Nemanja Arnautović

Free agent
- Position: Shooting guard

Personal information
- Born: 14 March 1990 (age 35) Titovo Užice, SFR Yugoslavia
- Nationality: Serbian
- Listed height: 1.96 m (6 ft 5 in)
- Listed weight: 84 kg (185 lb)

Career information
- NBA draft: 2012: undrafted
- Playing career: 2006–present

Career history
- 2006–2007: Hemofarm
- 2009–2010: Mega Basket
- 2010: Budućnost
- 2010: Crvena zvezda
- 2011–2016: Sloboda Užice
- 2017–2019: Klik
- 2019–2021: Crnokosa

= Nemanja Arnautović =

Serbian basketball player

Nemanja Arnautović (Немања Арнаутовић; born 14 March 1990) is a Serbian professional basketball player.

== Professional career ==
Arnautović played for Hemofarm, Mega Basket, Budućnost, Crvena zvezda, Sloboda Užice, Klik, and Crnokosa.
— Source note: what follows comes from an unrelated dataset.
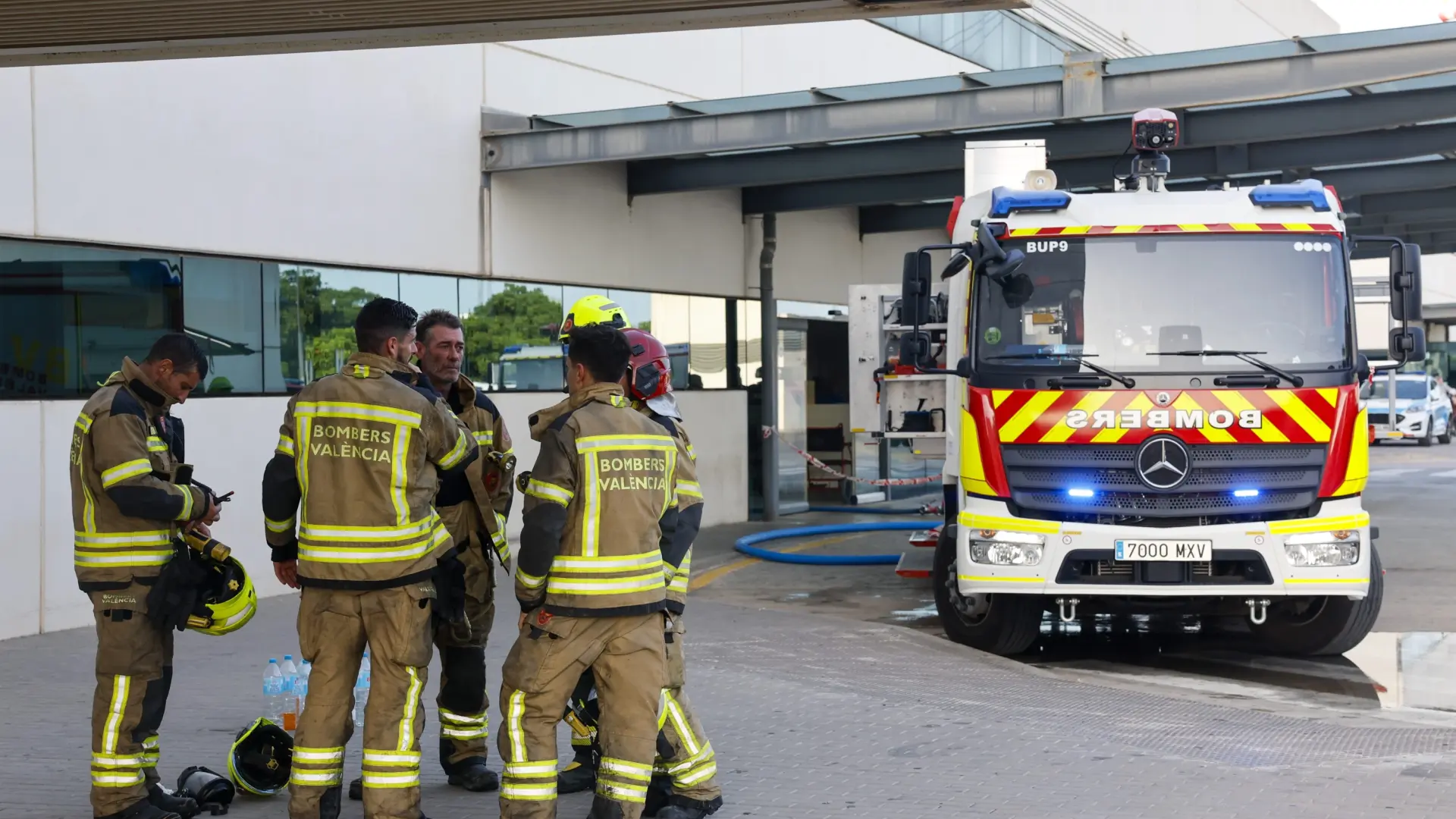 Cuatro heridos, entre ellos un bebé de 11 meses, en un incendio en Valencia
== National team career ==
In August 2006, Arnautović was a member of the Serbia and Montenegro U16 national team that won a bronze medal at the FIBA Europe Under-16 Championship in Spain. Over seven tournament games, he averaged 0.9 points and 0.1 rebounds per game.
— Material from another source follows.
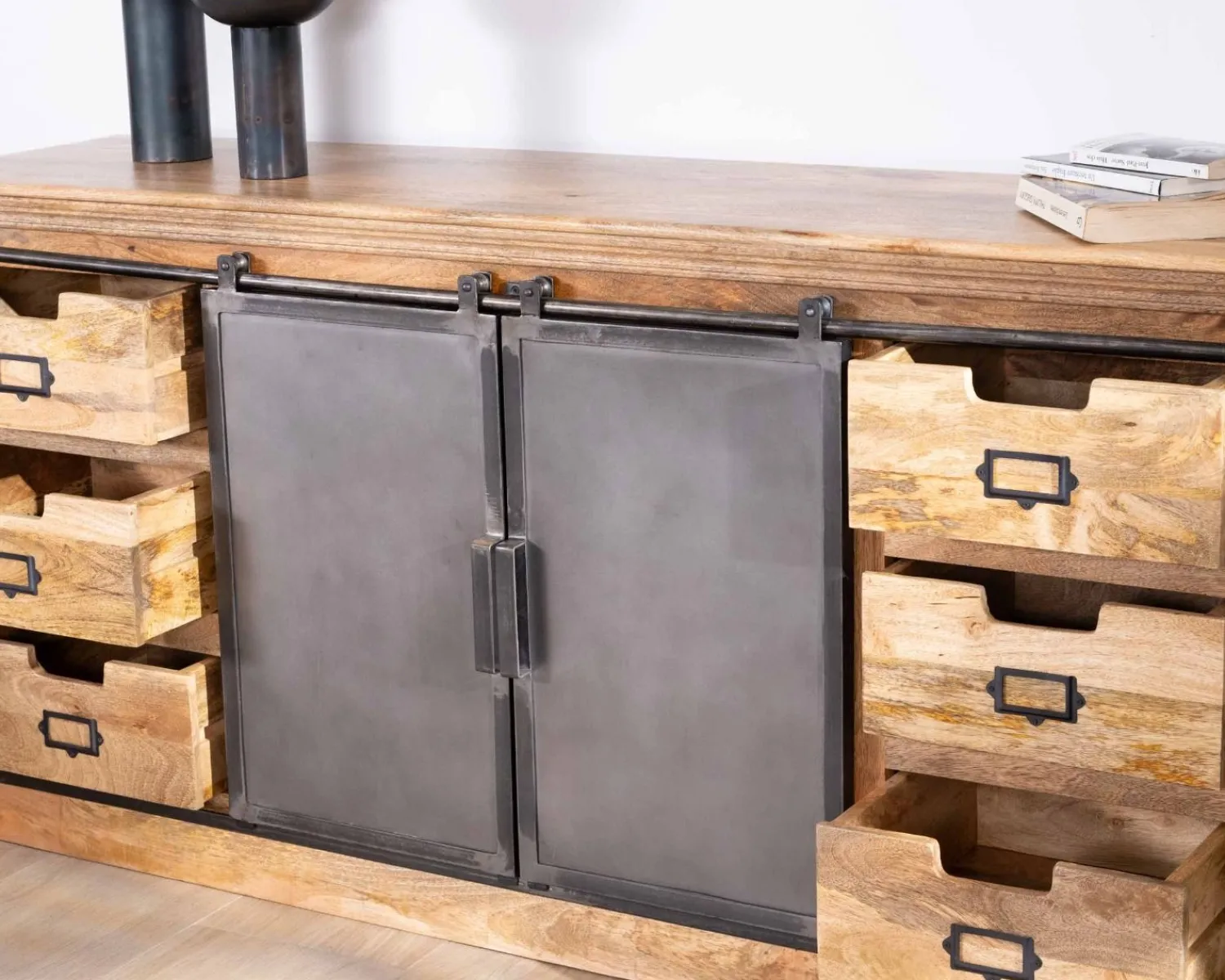 Meuble House Enfilade style factory en bois massif et métal "Haden" Outlet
In July 2010, Arnautović was a member of the Serbia U-20 national team at the FIBA Europe Under-20 Championship in Croatia. Over nine tournament games, he averaged 3.3 points and 0.6 rebounds per game. Thereafter, he represented the Serbia at the 2013 Mediterranean Games, with whom he won the silver medal.

==Personal life==
His surname derives from Arnaut, the Ottoman Turkish ethnonym for Albanians.